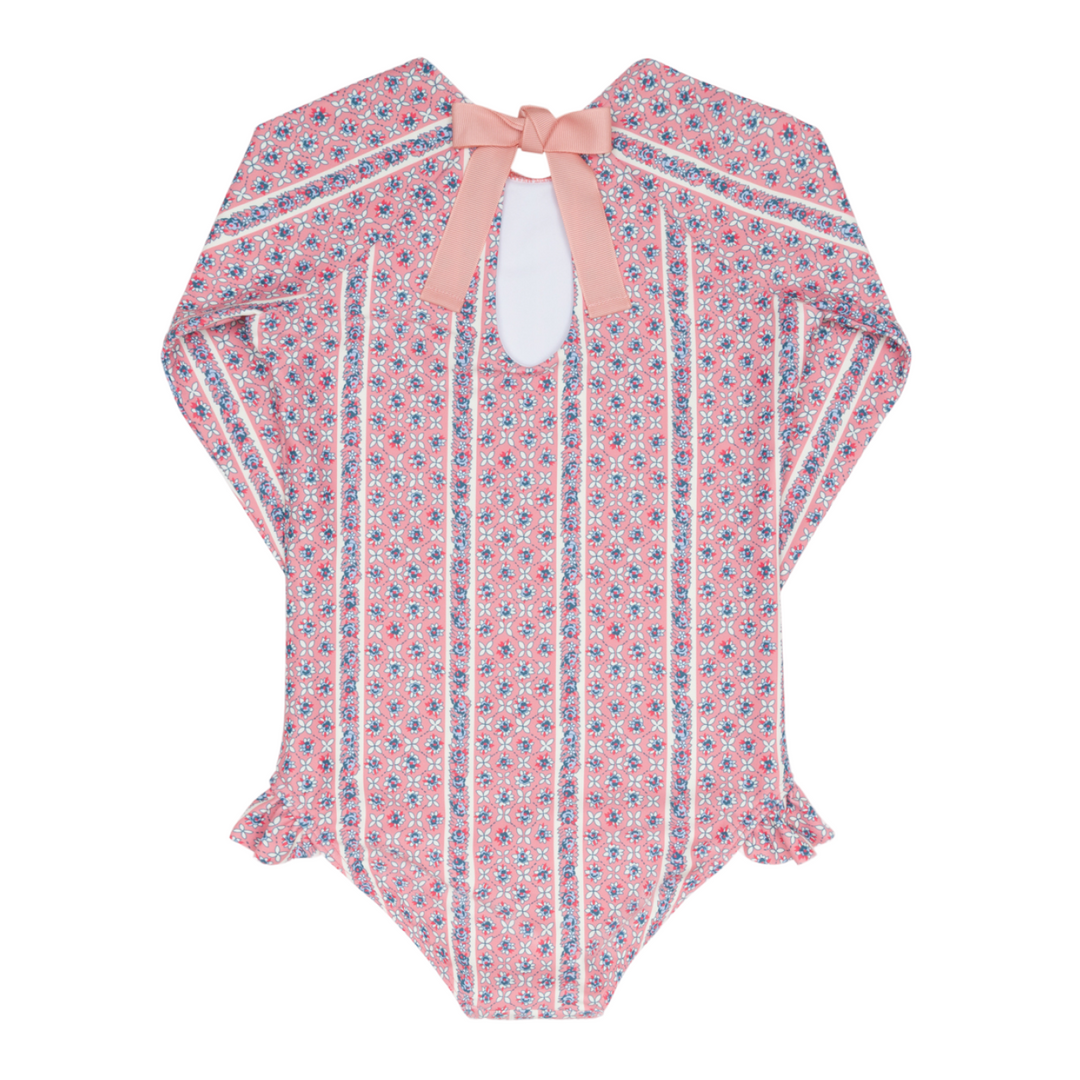 Minnow Floral Tile Rashguard One Piece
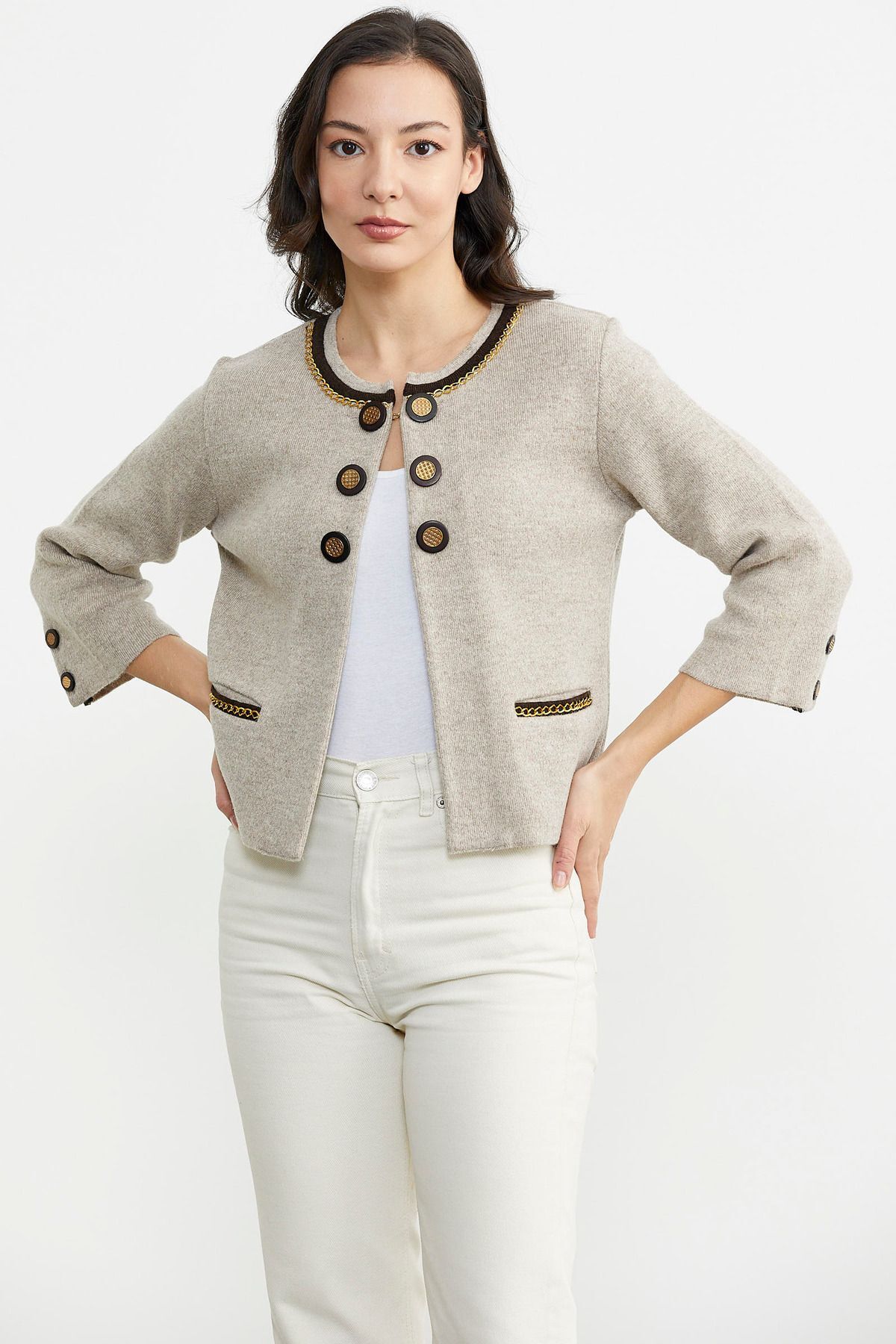 Sementa  Zincir Detaylı Kalın Yünlü Triko Ceket - Vizon - Kahverengi - Görsel 2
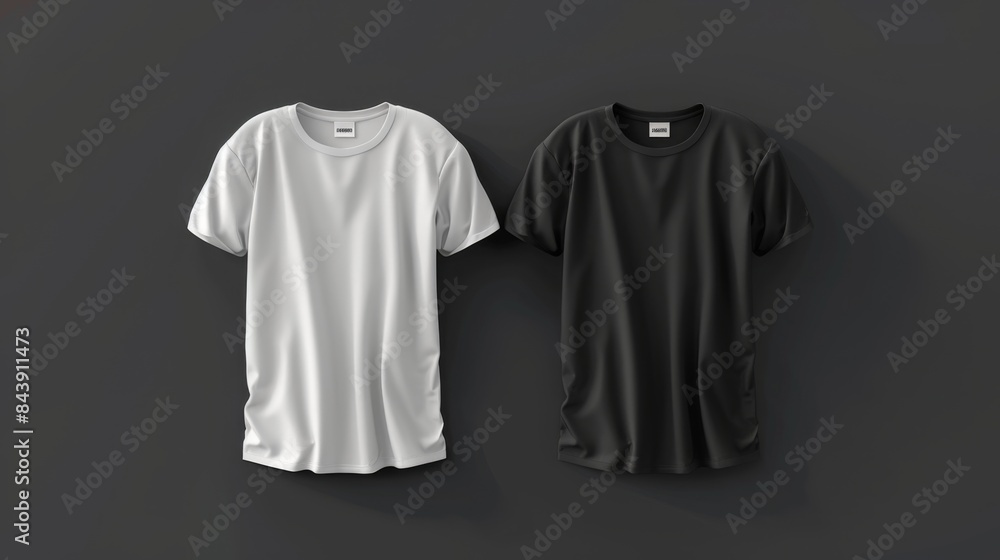 Black and White T-Shirts Mockup on Dark Background, Generative AI Black and White T-Shirts Mockup on Dark Background, Generative AI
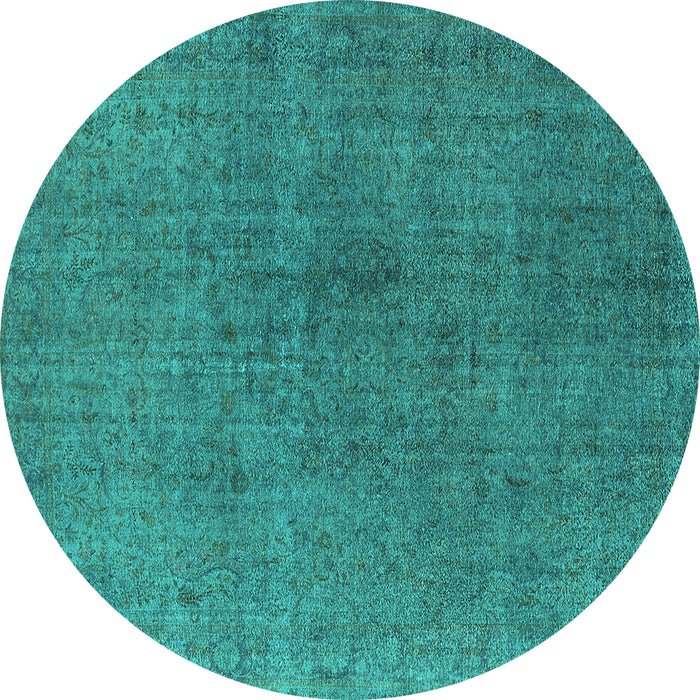 Round Oriental Turquoise Industrial Rug, urb1763turq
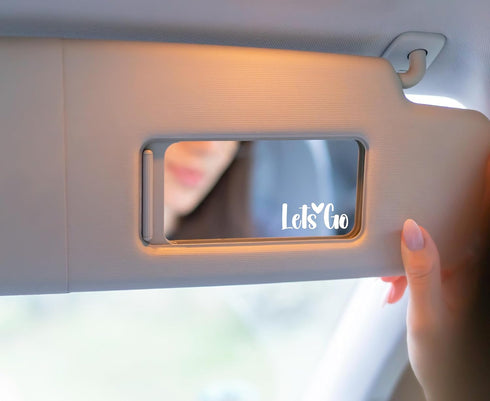 3 x Lets Go Rearview Mirror Decal, Rear View Mirror Accessories, Car Decals, Car Stickers, Vanity Mirror Stickers, Gift for Him/Her - White...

····················

▶ **WORK TO COMPLETE**: An exact copy of the records above is needed, with the pictures removed.

▶ **REPLY TO THE TASK**:
 Minnow Floral Tile Rashguard One Piece
 Sementa  Zincir Detaylı Kalın Yünlü Triko Ceket - Vizon - Kahverengi - Görsel 2
 Black and White T-Shirts Mockup on Dark Background, Generative AI Black and White T-Shirts Mockup on Dark Background, Generative AI
 Round Oriental Turquoise Industrial Rug, urb1763turq
 3 x Lets Go Rearview Mirror Decal, Rear View Mirror Accessories, Car Decals, Car Stickers, Vanity Mirror Stickers, Gift for Him/Her - White...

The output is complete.